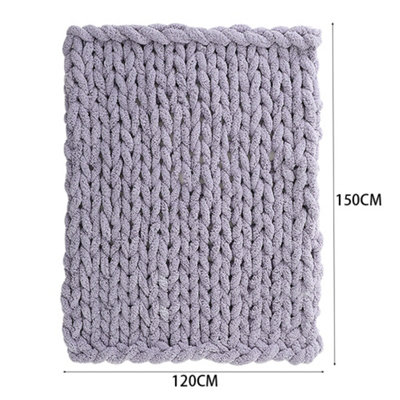 Grey Soft Chenille Blanket Throw Blankets for Bed 1500mm(L)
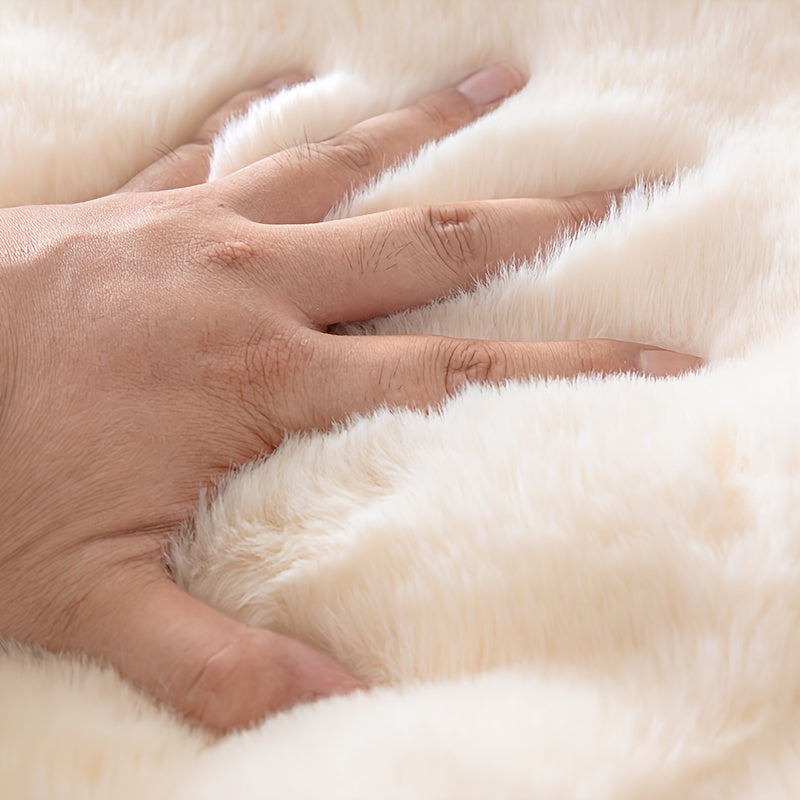 1pc Faux Rabbit Plush Sofa Cover, Winter Warm Thickened Plush Soft Sofa Cover, Pet Favorite, Dog Friendly Sofa Cover, Cushion Protection Cover, Anti Slip Sofa Furniture Protection Cover, Bedroom, Office, And Living Room Decoration Local Warehouse
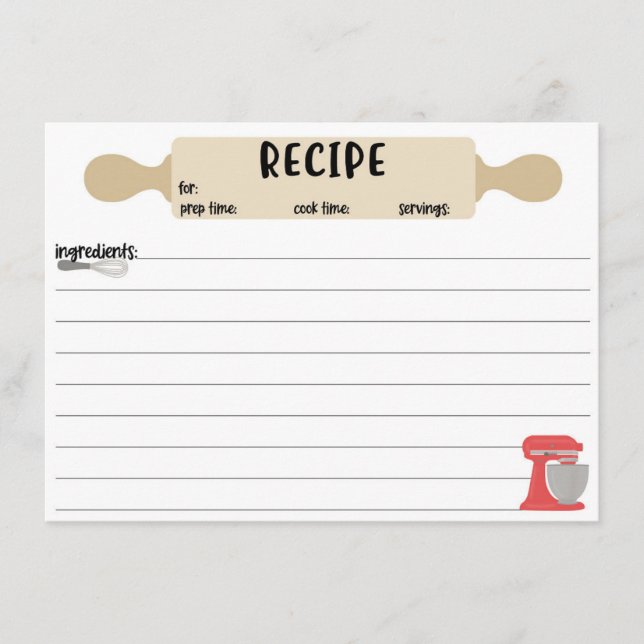 Cartes à recettes Double face à dos à broche Thème (Devant)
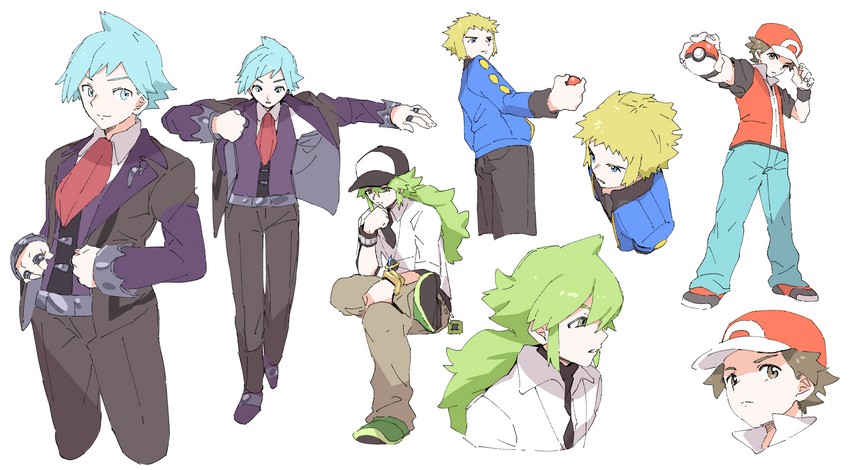 red, n, steven stone, and volkner (pokemon and 4 more) drawn by ankea_(a-ramo-do)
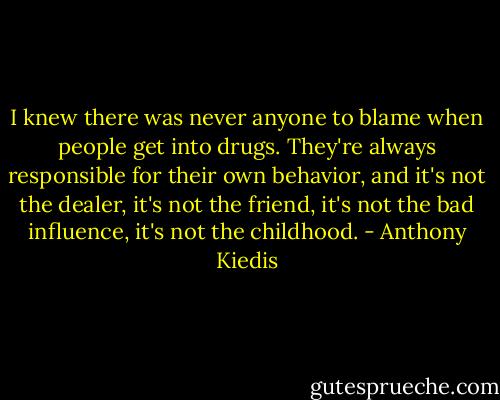 I knew there was never anyone to blame when people get into drugs. They're always responsible for their own behavior, and it's not the dealer, it's not the friend, it's not the bad influence, it's not the childhood. - Anthony Kiedis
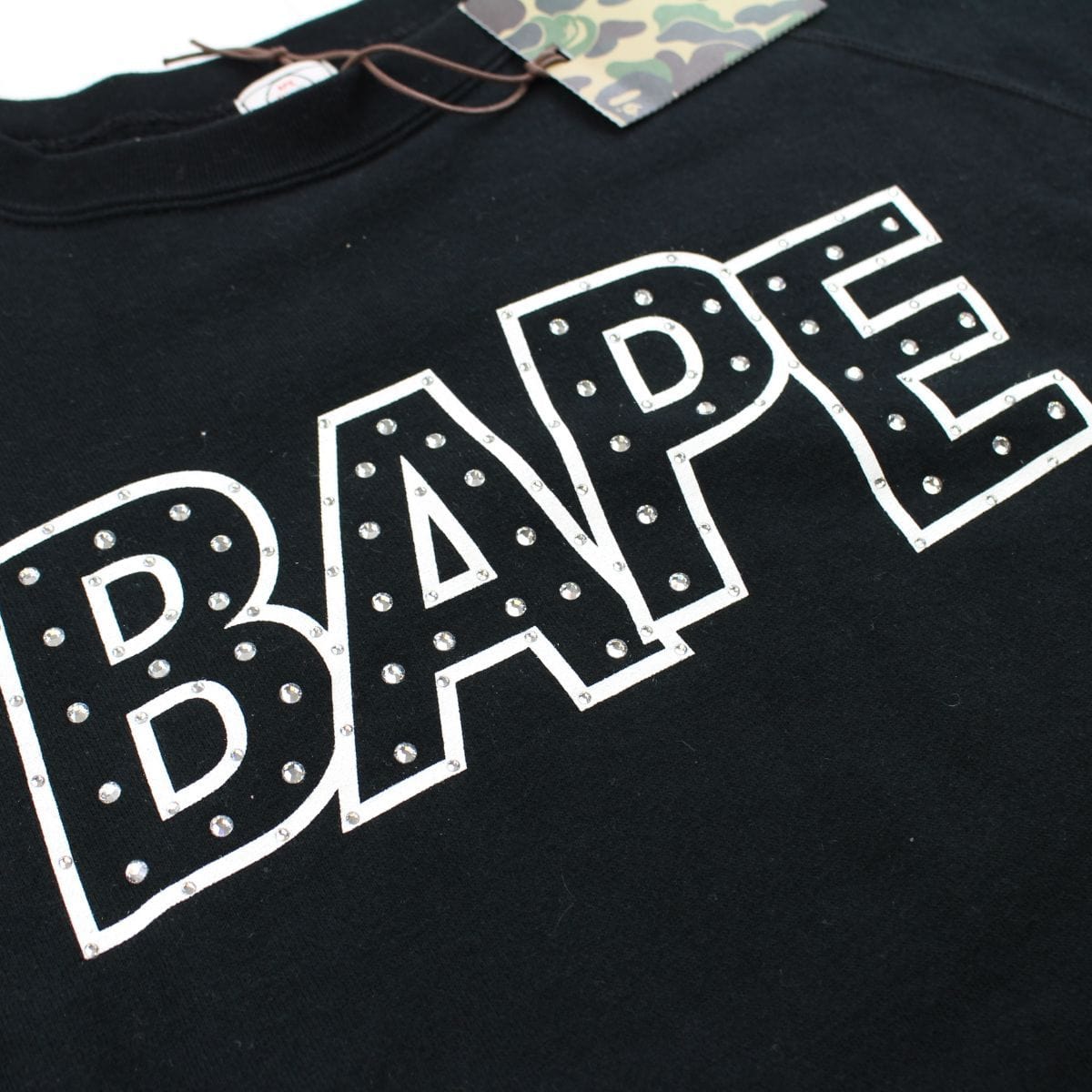 Bape swarovski 2004 text hoodie black - SaruGeneral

__INSTRUCTIONS TO FOLLOW__
Could you reproduce the records above exactly, leaving out the pictures?

__ANSWER BOX__
 Grey Soft Chenille Blanket Throw Blankets for Bed 1500mm(L)
 1pc Faux Rabbit Plush Sofa Cover, Winter Warm Thickened Plush Soft Sofa Cover, Pet Favorite, Dog Friendly Sofa Cover, Cushion Protection Cover, Anti Slip Sofa Furniture Protection Cover, Bedroom, Office, And Living Room Decoration Local Warehouse
 Cartes à recettes Double face à dos à broche Thème (Devant)
 red, n, steven stone, and volkner (pokemon and 4 more) drawn by ankea_(a-ramo-do)
 I knew there was never anyone to blame when people get into drugs. They're always responsible for their own behavior, and it's not the dealer, it's not the friend, it's not the bad influence, it's not the childhood. - Anthony Kiedis
 Bape swarovski 2004 text hoodie black - SaruGeneral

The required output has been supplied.